The U.S. Securities and Exchange Commission has approved a rule change that could force broker-dealers affiliated with life insurers to register more offices as branch offices.[@@]
The SEC has approved a proposal by the National Association of Securities Dealers Inc., Washington, to change the NASD’s definition of the term “branch office.”
The NASD, a securities industry self-regulatory organization, requires member firms to register branch offices with it and pay a registration fee to cover the NASD’s supervision costs for those offices.
The NASD hopes to begin requiring member firms to abide by the new definition in early 2006, a few months after it deploys the new branch office features of its Central Registration Depository system, according to a copy of the SEC order that appears today in the Federal Register.

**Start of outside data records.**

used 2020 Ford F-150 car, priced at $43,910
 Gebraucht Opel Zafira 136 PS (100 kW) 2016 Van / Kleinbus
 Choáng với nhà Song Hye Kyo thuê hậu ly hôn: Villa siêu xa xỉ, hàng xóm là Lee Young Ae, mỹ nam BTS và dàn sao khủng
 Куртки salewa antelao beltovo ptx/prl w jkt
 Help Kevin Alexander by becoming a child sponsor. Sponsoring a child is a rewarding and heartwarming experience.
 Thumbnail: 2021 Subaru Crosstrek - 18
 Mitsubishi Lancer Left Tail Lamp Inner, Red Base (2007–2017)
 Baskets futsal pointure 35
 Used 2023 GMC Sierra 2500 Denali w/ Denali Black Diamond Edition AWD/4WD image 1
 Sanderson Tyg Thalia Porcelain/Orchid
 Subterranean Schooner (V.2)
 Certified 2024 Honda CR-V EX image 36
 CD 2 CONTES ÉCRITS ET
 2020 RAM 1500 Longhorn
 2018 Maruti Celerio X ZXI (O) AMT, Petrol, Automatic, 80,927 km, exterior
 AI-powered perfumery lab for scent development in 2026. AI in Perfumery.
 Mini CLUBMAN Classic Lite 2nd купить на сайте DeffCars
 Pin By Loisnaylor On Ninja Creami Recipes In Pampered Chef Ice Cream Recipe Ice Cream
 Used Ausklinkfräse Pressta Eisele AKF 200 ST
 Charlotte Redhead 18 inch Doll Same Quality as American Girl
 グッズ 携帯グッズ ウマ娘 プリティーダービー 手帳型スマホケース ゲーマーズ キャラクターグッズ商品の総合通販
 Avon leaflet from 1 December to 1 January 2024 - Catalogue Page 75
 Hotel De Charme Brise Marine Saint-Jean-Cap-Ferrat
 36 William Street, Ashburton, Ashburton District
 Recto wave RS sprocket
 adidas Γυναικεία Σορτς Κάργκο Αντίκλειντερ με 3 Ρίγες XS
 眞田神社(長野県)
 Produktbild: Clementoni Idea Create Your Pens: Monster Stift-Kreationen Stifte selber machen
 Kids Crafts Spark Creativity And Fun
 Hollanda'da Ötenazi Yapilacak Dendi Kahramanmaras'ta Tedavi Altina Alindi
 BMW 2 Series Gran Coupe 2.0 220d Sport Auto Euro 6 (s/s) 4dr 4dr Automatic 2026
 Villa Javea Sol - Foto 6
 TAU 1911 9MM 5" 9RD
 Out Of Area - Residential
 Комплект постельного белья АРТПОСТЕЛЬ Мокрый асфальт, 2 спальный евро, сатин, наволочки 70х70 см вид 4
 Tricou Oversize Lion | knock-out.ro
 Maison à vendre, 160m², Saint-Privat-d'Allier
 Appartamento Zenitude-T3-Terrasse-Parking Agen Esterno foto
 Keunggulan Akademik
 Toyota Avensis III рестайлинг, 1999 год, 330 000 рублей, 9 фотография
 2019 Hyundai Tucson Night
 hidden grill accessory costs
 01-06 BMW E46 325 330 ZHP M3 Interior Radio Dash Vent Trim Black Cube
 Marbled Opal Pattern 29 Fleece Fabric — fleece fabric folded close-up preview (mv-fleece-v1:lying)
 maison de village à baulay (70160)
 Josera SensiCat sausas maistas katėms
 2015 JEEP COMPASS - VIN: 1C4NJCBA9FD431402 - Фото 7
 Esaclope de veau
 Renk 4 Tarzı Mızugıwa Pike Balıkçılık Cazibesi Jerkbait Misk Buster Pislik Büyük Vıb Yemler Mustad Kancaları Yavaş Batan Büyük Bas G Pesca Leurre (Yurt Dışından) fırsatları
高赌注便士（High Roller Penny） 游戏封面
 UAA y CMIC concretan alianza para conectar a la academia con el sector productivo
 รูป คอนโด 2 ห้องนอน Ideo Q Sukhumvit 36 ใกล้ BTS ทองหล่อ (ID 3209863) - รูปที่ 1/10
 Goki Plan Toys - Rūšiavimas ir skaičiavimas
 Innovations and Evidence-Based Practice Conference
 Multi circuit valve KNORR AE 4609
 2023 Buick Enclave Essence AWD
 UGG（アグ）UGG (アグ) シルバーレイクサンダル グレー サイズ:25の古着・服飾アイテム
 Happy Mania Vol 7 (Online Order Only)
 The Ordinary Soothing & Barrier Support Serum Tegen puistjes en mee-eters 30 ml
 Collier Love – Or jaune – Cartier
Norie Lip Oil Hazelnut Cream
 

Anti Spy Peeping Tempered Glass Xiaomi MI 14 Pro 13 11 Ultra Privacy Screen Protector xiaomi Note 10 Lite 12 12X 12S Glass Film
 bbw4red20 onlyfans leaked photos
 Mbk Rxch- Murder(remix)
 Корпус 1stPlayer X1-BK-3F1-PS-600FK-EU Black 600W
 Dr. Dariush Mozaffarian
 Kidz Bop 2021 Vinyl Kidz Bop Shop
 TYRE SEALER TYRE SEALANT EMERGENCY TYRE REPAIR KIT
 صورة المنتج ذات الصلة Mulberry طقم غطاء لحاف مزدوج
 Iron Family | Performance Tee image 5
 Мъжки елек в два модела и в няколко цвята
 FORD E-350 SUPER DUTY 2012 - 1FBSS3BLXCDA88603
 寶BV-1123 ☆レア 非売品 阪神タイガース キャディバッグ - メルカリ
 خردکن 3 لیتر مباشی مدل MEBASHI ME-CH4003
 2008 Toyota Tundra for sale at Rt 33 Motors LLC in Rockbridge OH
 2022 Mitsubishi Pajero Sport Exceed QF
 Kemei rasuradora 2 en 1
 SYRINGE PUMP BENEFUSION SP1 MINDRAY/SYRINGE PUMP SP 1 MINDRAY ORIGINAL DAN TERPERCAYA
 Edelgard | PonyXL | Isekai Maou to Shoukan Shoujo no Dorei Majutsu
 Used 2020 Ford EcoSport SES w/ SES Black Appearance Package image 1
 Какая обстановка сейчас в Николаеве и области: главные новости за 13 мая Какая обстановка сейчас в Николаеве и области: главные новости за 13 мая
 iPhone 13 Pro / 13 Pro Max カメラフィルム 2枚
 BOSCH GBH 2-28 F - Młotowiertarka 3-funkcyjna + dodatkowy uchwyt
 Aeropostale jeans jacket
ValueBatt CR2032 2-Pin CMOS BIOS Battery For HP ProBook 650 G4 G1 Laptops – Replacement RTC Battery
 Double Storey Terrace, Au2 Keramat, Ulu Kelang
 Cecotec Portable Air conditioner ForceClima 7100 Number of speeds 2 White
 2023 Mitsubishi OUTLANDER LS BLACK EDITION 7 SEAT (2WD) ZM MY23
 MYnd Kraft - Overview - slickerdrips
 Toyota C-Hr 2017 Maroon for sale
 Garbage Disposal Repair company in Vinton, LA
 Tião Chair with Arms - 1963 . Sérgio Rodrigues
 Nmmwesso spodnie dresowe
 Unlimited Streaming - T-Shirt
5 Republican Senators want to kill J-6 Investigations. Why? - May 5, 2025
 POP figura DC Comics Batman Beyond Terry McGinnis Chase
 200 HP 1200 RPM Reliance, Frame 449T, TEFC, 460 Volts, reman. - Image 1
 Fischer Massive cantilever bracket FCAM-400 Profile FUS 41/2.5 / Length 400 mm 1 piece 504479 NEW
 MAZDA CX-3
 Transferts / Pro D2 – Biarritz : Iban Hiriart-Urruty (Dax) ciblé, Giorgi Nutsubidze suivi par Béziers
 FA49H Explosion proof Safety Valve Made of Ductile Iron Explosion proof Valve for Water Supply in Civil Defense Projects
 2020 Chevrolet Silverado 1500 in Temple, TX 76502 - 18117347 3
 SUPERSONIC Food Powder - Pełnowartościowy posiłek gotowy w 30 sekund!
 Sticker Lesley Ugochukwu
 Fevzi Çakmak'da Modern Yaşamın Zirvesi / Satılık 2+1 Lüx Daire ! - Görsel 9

The NASD filed the first version of the proposed rule change in July 2003 and the final version last month.
The NASD has been defining as “any location identified by any means to the public or customers as a location at which member conducts an investment banking or securities business.”
The old definition exempts certain types of satellite locations, such as locations identified on business cards or in advertisements, as long as the member firm also gives the telephone number and address of the branch office that supervises the satellite location.
The old NASD definition conflicts with the definitions used by the SEC and the New York Stock Exchange, and the NASD and the New York Stock Exchange have been working to come up with a single definition to increase the usefulness of the Central Registration Depository as a system for keeping track of branch offices and the reps associated with those offices, SEC officials write in a discussion of their order.
The NASD and New York Stock Exchange came up with definitions similar to the SEC definition, but the NASD left out a requirement that might have required member firms to register reps’ homes if the reps work in their homes at least 50 days a year.
The current version of the NASD definition leaves out the 50-day limit for reps’ use of homes as unregistered locations.
But reps might have to register their homes if they handle money or securities in their home offices, use their own electronic mail systems to communicate with their customers rather than the broker-dealers’ systems, or meet with customers in their homes.
The NASD exempts satellite locations other than homes if reps use those locations for fewer than 30 business days per year or effect fewer than 25 securities transactions at those locations per year.